As Table 1 shows, the SAE levels of these systems vary between 2 and 4. While L2 systems rely on the use of optical cameras and radars to perceive the environment, L4 and L3 systems use, in addition, lidars. Regarding automated car control, while L2 systems do not allow automated lane change, L3 and L4 do, and they all allow distance-keeping, lane-following, and lane-keeping.
To the best of our knowledge, from the proprietary systems, the only one that allows remote control is Waymo’s, and there are no results about its control, monitoring, or video streaming performance. On the contrary, the open-source systems shown in Table 1 (Openpilot and ours) allow teledriving. Nonetheless, there are no published results for the open-source systems either.
Our research is based on Openpilot’s initial prototypes. As shown in Table 1, we extended its architecture, providing off-car remote control by extending the Openpilot architecture with new modules, to allow this new functionality. Moreover, we provided the novel ability to allow remote activation of AI-assisted driving, to allow the remote driver to activate the engagement of AI in the driving process. We also provided, for the first time, to the best of our knowledge, empirical results about timing, performance, and other aspects related to the system. In fact, these innovations were the main motivation for our research work.

3. Proposed Architecture

In this section, the remote car driving system’s architecture is presented. A graphical overview of the proposed architecture can be seen in Figure 1.
There is a remote location on the left side of Figure 1: this location is composed of all the software and hardware components the remote driver needs, including the computer on which the software of our system is running. Furthermore, this setup has a screen, so that the driver has visual information about the car’s surroundings: this is one of the most important aspects, as it is of vital importance that the driver knows the road conditions at all times, and what is happening around the vehicle. The video will be received via a remote video client, and streamed on the screen. Based on the information provided by the video, the driver will choose which decisions are best, and will translate those decisions to joystick commands, and publish them in a remote control server, so that the car control commands are sent to the car through its Controller Area Network (CAN) bus.

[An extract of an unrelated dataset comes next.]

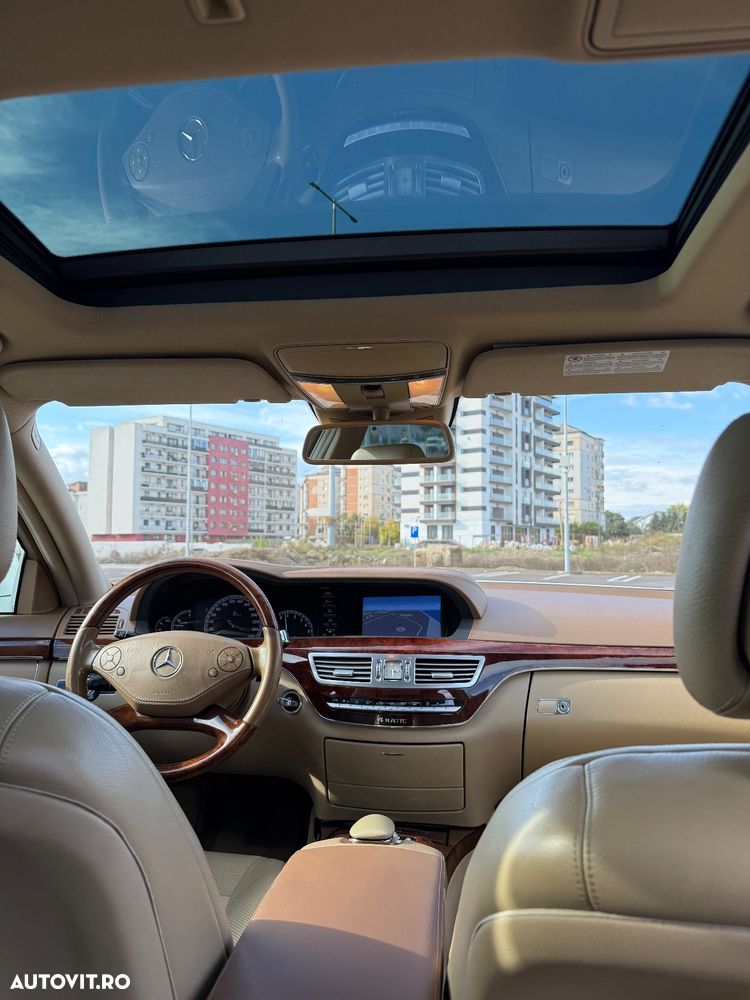 Mercedes-Benz S 350 CDI 4M BlueEfficiency Long Aut - 19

The in-car setup can be seen on the right side of Figure 1. It is possible to differentiate four tasks: sensing; autonomous AI control; remote communications; and car control, all of which are connected by a message bus, which is a publication/subscription message bus, such as ZeroMQ, RabbitMQ, or similar.

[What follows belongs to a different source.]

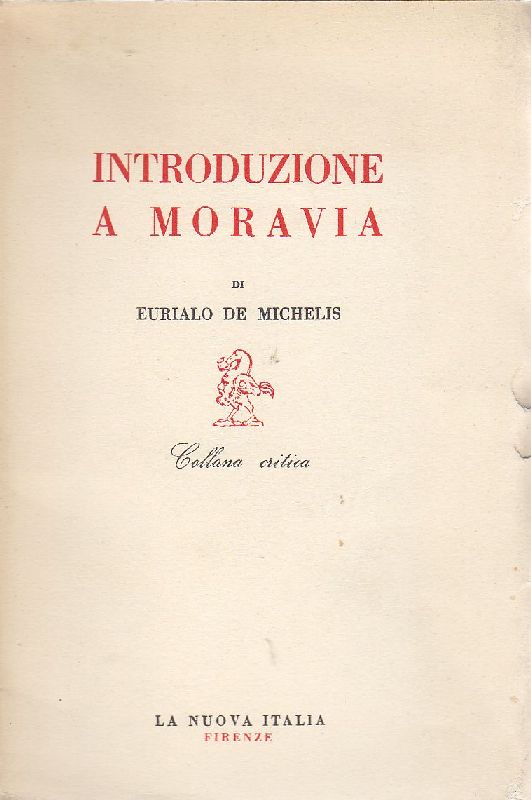 Introduzione a Moravia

The sensing modules in the in-car system capture the car environment. To do so, two main sensors are used: a radar and a camera. The camera module is receiving information from the road as the webcam is installed on the windshield; furthermore, the video captured by this camera is the same as that being sent to the remote driver. The radar is integrated into the car, and is connected using the standardized car interface OBD-II port. These two modules are represented as the Video Acquisition Module and the Car Inertial Measurement Unit (IMU) Acquisition Module in Figure 1. The main purpose of the IMU Acquisition Module is to alert the driver, in case it detects a possible collision. After the data has been captured, it is sent over to the ZeroMQ Bus, so that it can be used by the rest of the sub-modules, if needed.

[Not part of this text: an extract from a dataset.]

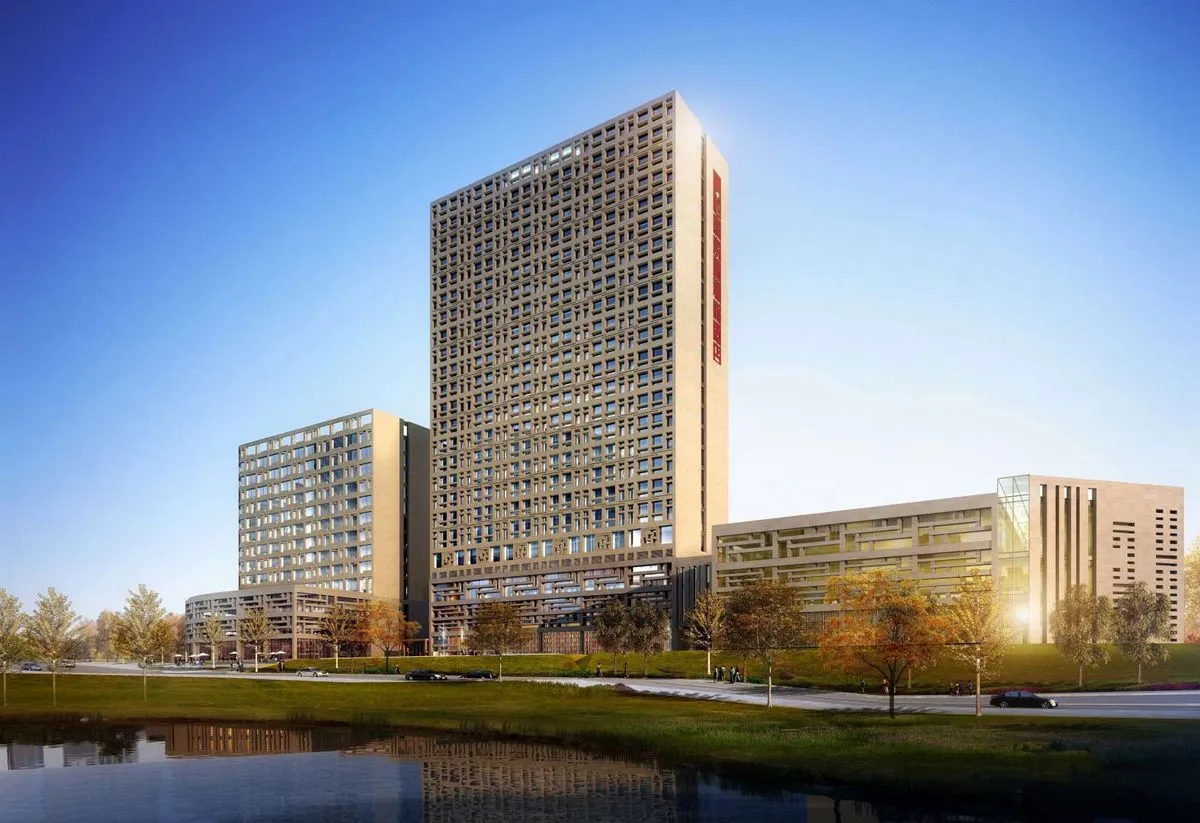 Fujian Shengning Huake Jia International Grand Hotel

The Autonomous AI control modules (see right side of Figure 1) play a critical role. As indicated in Section 2, tele-operation nowadays relies completely on remote human drivers; however, we believe that a mixed system of human tele-operated and autonomous vehicles is a suitable and feasible combination during the transition period, until SAE Level 5 systems are a reality: for this reason, the purpose of these modules is to allow the in-car self-driving system to take control of the vehicle. It is the remote driver who decides when the car is in a situation in which the activation of the AI control module is feasible and secure. The remote driver can regain control of the vehicle at any time, by pressing a button on the joystick. The self-driving system relies on two different modules: the perception and the planning modules. The perception module takes the information from the sensing module, and processes it, to detect, among other things, the shape of the road, the shape of the lanes, any possible object that the car might collide with, and other contextual on-road information. Once such information has been extracted, the planning module creates the safe path that the car should follow. As with the other modules, the information from this module is also published on the message bus, so that it is available for any interested module to receive.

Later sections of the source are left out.